Le Violent, en 1950, est le second film que Nicholas Ray réalise pour Humphrey Bogart. L’acteur, alors au sommet de sa gloire à Hollywood, avait créé Santana, une société de production, avec Robert Lord, ancien ­scénariste et producteur à la ­Warner. Il avait immédiatement embauché Ray en 1949 pour Les Ruelles du malheur. Ce second film sera, en bien des points, supérieur au premier. Nicholas Ray était, à l’époque, sous contrat avec la RKO, qui avait accepté de le ­ « prêter » à Bogart pour l’occasion.

Sur un script d’Andrew Solt, le résultat restera un des titres les plus étranges et les plus atypiques de l’acteur. Sans doute parce que des éléments personnels et intimes y ont été intégrés. Nicholas Ray exigea que le rôle féminin soit tenu par sa femme, Gloria ­Grahame, dont il se séparera durant le tournage. L’action se situe dans les milieux du cinéma, bien que l’on n’y voie pas un seul plateau de tournage mais plutôt des bars, des appartements et une cour de résidence. Le réalisme est ainsi accentué par l’absence de toute l’aura généralement attachée à l’usine à rêves.

Alcoolique et bagarreur

Bogart incarne Dixon Steele, un scénariste sur le retour, alcoolique et bagarreur. Une jeune fille qu’il avait « draguée » un soir pour qu’elle lui lise un roman qu’il était censé adapter est retrouvée morte, étranglée, le lendemain. Les soupçons se portent sur lui mais le témoignage de sa voisine fournit un alibi solide. Celle-ci tombe amoureuse de Steele mais découvrira en lui un potentiel de violence qui lui fera, petit à petit, le soupçonner du meurtre. Tout l’enjeu du récit sera de savoir si le couple, à la lumière du soupçon qui se développe, tiendra le coup.

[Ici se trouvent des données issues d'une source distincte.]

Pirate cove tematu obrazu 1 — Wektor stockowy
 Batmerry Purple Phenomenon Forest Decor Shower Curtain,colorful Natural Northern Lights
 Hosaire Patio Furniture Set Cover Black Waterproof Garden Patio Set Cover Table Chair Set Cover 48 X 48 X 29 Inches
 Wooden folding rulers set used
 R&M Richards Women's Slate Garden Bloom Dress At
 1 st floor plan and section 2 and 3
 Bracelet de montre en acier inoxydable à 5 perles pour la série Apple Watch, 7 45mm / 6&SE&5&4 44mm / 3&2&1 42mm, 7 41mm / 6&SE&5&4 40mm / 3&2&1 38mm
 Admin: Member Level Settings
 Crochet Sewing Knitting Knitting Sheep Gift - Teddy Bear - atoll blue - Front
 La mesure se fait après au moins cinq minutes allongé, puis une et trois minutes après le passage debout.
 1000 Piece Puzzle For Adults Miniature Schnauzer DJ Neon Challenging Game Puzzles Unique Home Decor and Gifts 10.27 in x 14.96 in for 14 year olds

Humphrey Bogart dans « Le Violent ». / OCS

Dans Le Violent se joue une lutte inégale entre les conventions du film noir (qui a tué ?) et la vie elle-même, les zones sombres des individus irréductibles au formatage de la fiction sur commande. Lorsque la vérité éclatera, dédouanant le héros du meurtre, celui-ci, coupable virtuel par son indifférence à la souffrance d’autrui mais aussi par sa brutalité impulsive, qui le mène au bord de l’homicide, aura tout perdu.

Ce rôle, dont Bogart fait, par la rigidité même de son jeu, resurgir la dimension névropathe, définit un personnage à mi-chemin entre une ultralucidité insoutenable et une paranoïa aiguë, que l’on retrouvera dans d’autres films de Ray.

Le Violent, de Nicholas Ray. Avec Humphrey Bogart, Gloria Grahame, Frank Lovejoy (EU, 1949, 94 min).